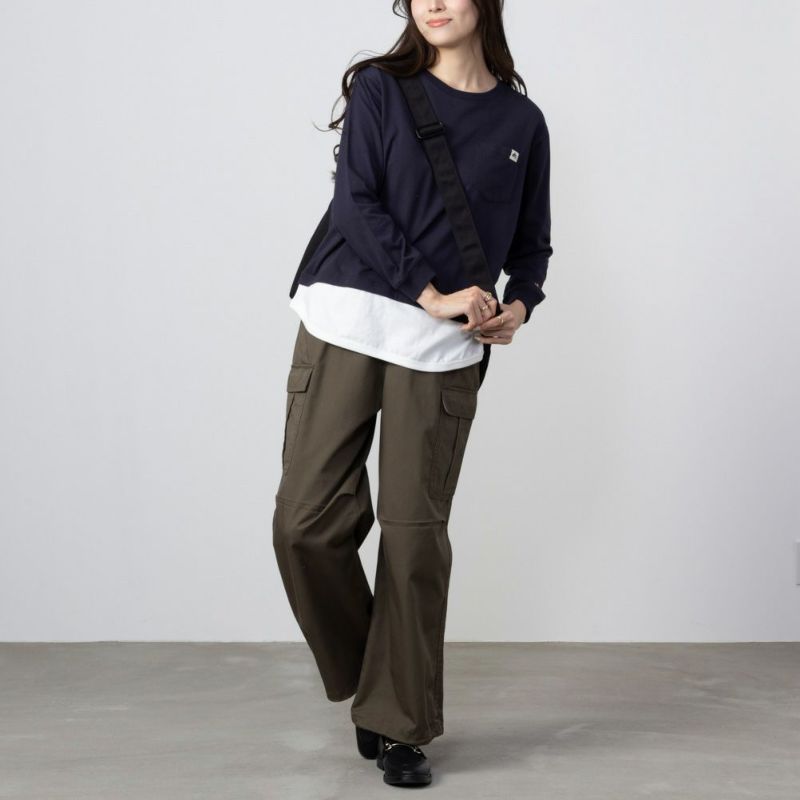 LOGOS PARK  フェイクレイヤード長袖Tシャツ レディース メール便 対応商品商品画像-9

---

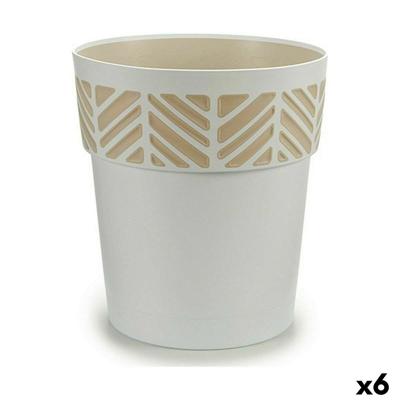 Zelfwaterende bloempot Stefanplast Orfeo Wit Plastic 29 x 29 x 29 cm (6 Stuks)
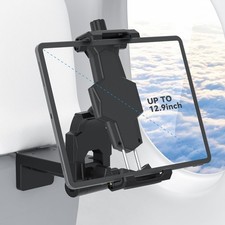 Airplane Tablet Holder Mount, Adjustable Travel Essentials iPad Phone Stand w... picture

**What to produce:**
Exercise for the records above: copy only the lines from the one with "Zelfwaterende bloempot Stefanplast" to the one with "Airplane Tablet Holder", both ends kept, and drop the pictures.

**Answer for this exercise:**
 Zelfwaterende bloempot Stefanplast Orfeo Wit Plastic 29 x 29 x 29 cm (6 Stuks)
 Airplane Tablet Holder Mount, Adjustable Travel Essentials iPad Phone Stand w... picture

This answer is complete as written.